Arquivo Serial: Stranger Things

Olá, caríssimos. Mais um Arquivo Serial no ar com nuances dos anos 80. Hoje é dia de misturar as aventura de E.T. com a ciência de De volta para o Futuro dentro de um livro de Stephen King. Vamos relembrar os estranhos cabelos, as roupas mais descoladas, os costumes que marcaram a época e, é claro, reviver o cinema dessa década que deixou tantas saudades. Esqueça seu precioso DeLorean, voltaremos a sentir como crianças novamente com a companhia de Stranger Things.

A mais nova produção da Netflix entrou no ar há poucos dias e já fez um enorme sucesso. A série se passa em 1984 e conta a história de quatro crianças, ligadas pelo laço da amizade e pelo comum interesse em ciências, RPG e quadrinhos. Até que um desaparecimento acontece na pequena cidade onde moram, ao mesmo tempo que uma misteriosa menina surge de lugar algum.

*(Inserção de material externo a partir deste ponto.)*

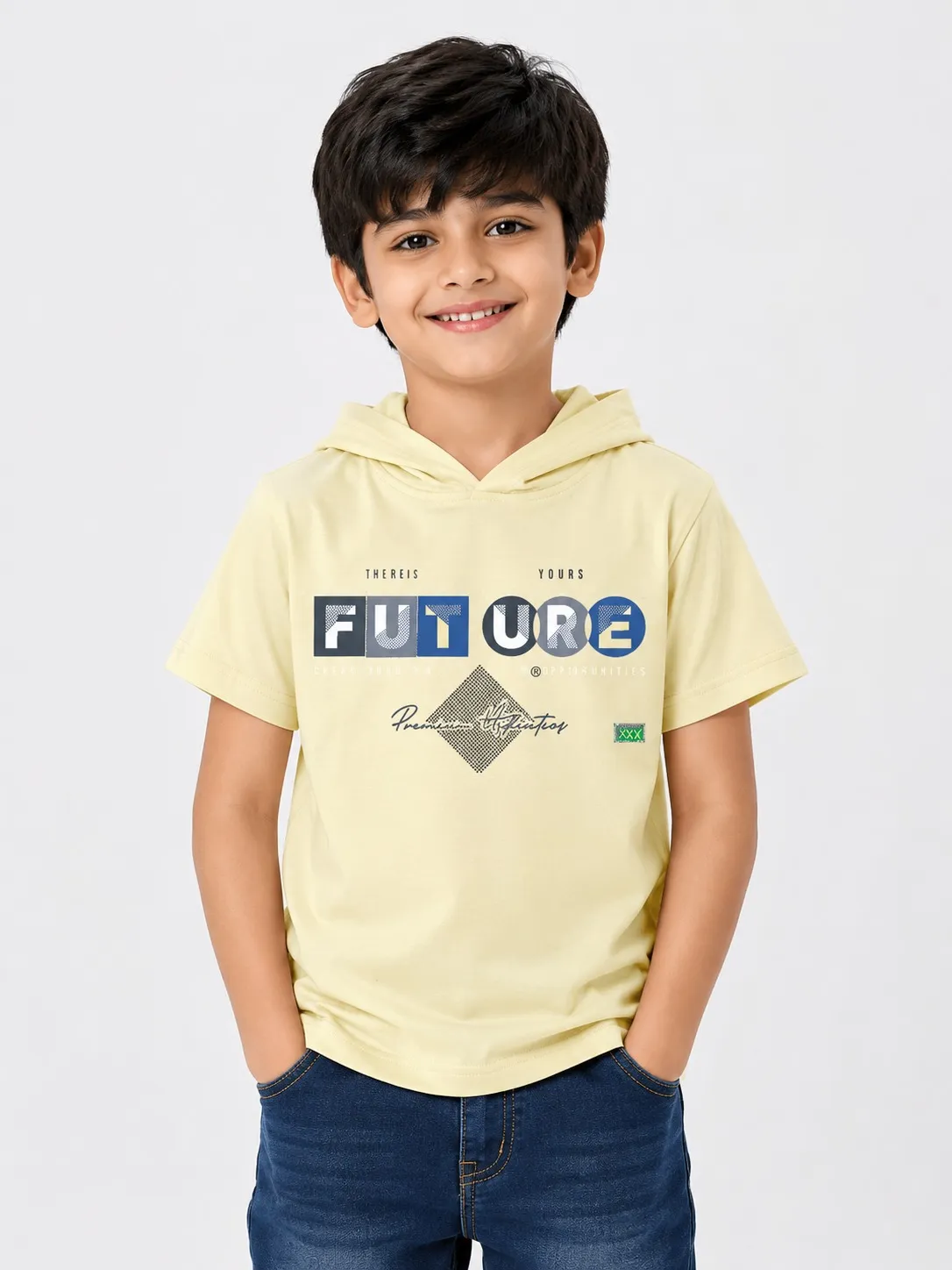 Lemon Yellow Boys Premium Printed Half Sleeve Cooper Hood  T Shirt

Sinceramente, não se apeguem ao plot da série, é difícil comentar algo sem nenhum spoiler, portanto vou dar outras razões para você terminar de ler esse texto e correr, se trancar em um quarto totalmente equipado com iguarias culinárias e embarcar nessa viagem de apenas oito episódios.

Stranger Things, acima de tudo é uma ode ao cinema dos anos 80. O cenário, as roupas, todas as características estão presentes aqui, com um ar nostálgico que poucos filmes podem oferecer. Porém, em minha opinião, a trilha sonora é o ponto alto da produção. Desde a abertura – que lembra o filme Tron, de 1982 – até as cenas mais dramáticas, a trilha equilibra a experiência muito bem e te coloca exatamente onde você quer estar. Em muitas cenas as músicas parecem ter sido tiradas de um jogo de Atari, e esse tom é perfeito.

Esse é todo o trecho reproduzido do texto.